Com referências ao primeiro filme, uma trilha sonora atualizada e um elenco maduro, o longa chega com o mesmo carisma e magnetismo que a versão de 2006

Como atualizar um clássico? Como revisitar algo tão amado, cultuado e referenciado pela cultura pop sem estragar o que já foi feito? A linha entre um sucesso garantido de bilheteria e uma sucessão de escândalos e polêmicas é tênue, e em um mundo de continuações desastrosas e não muito bem vistas, O Diabo Veste Prada 2 arriscou suas chances em atualizar uma história, 20 anos depois.

Os elementos que funcionaram tão bem no primeiro filme estão todos de volta: os personagens tão queridos, os looks memoráveis, a política editorial e a dinâmica complexa no ambiente de trabalho que flerta com o abuso, o poder e a submissão. Mas em tempos modernos, nem toda piada funciona e alguns comportamentos não podem ser mais venerados. Como atualizar a essência de personagens ácidos sem matar sua personalidade? Como tornar aceitável o que tentamos tanto evitar?

Runway, 20 anos depois. O que era a maior revista de moda do mundo, agora é lida em posts do Instagram. Grandes ensaios fotográficos são reduzidos a pequenos editoriais. O que poucas pessoas ditavam e comunicavam como norma, agora dividem atenção com qualquer pessoa que queria utilizar as redes sociais para cativar uma audiência. As notícias se espalham em uma velocidade nunca vista, polêmicas e cancelamentos se revezam quase por turno e, em meio a tanto prestígio, algumas reputações não podem ser desafiadas. É nesse cenário que Miranda Priestley, interpretada por Meryl Streep, se vê por um fio: uma polêmica com seu nome cai na internet e coloca em cheque seu profissionalismo e postura — até então, imaculados.

Se o tempo passou, nada ficou no lugar. Andy Sachs (Anne Hathaway) e Emily Charlton (Emily Blunt) ocupam novas posições no mercado, abraçam novos desafios mas, ainda assim, tem seus caminhos sobrepostos com o de Miranda. Enquanto discute o avanço tecnológico, o corte de gastos e substituição de pessoas e a imposição da Inteligência Artificial, O Diabo Veste Prada 2 se coloca de novo no centro da discussão, mas agora, de uma forma quase mais interessante ou necessária. Sim, o primeiro filme encerra sem necessidade de uma continuação, principalmente depois de duas décadas. Mas se o tempo parece afastar as narrativas, é justamente o que torna o roteiro potente e a dinâmica do filme eficaz.

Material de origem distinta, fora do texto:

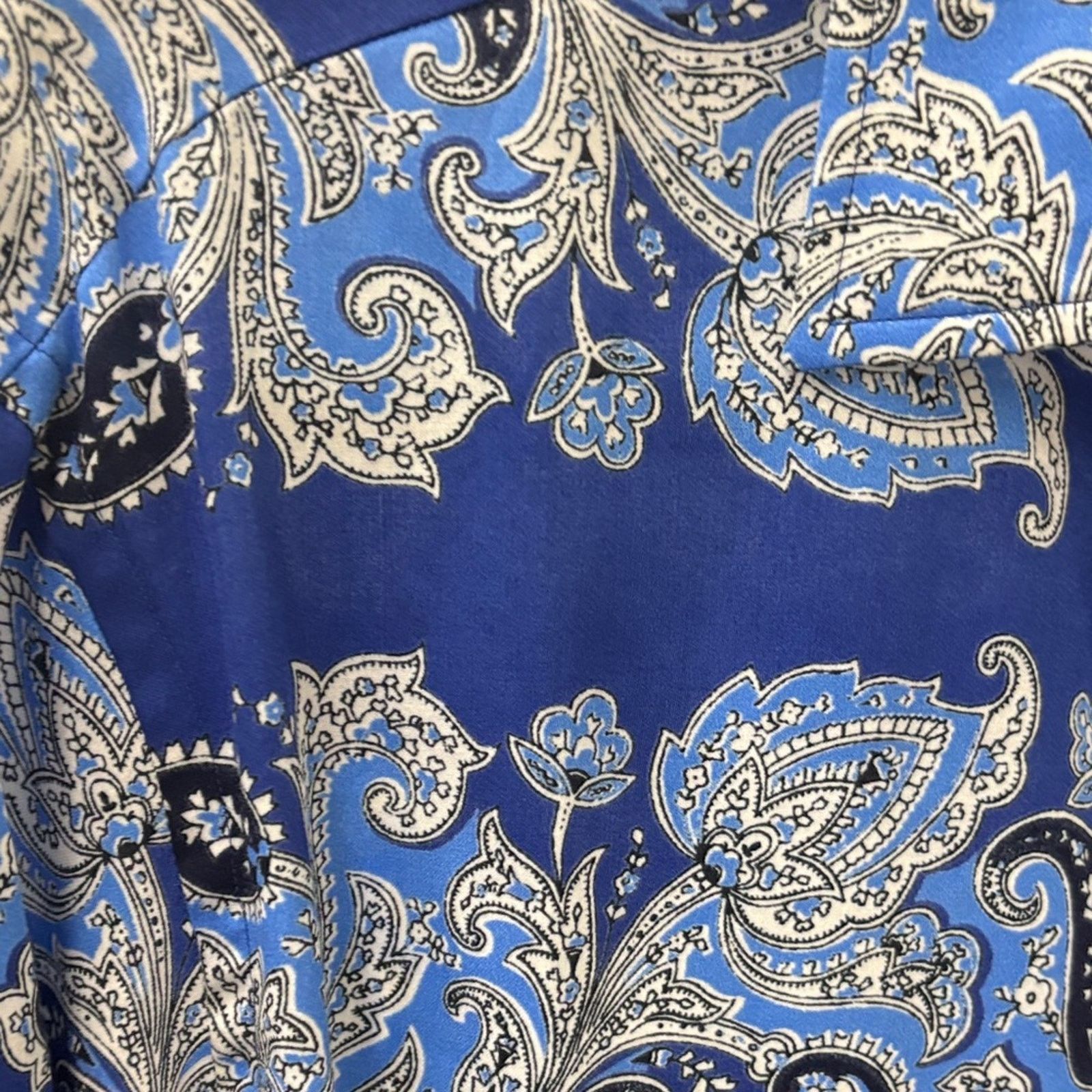 Etro NWT Etro Blue and White Paisley Button Down Shirt Size M Size US M / EU 48-50 / 2 - 9 Thumbnail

O amadurecimento da trama, a atualização de narrativa e o olhar atento aos tempos modernos se fazem tão precisos quanto o carisma dos elementos já conhecidos, indo muito além de um escoro esperado na nostalgia e entregando um material fresco e coerente.

Se nos últimos anos as continuações entregaram resultados desastrosos, O Diabo Veste Prada 2 dribla esse feitiço e chega como uma sequência muito competente, que atualiza a história e renova o potencial do filme de ser um sucesso interessante no presente, enquanto leva seus personagens icônicos para um sólido futuro.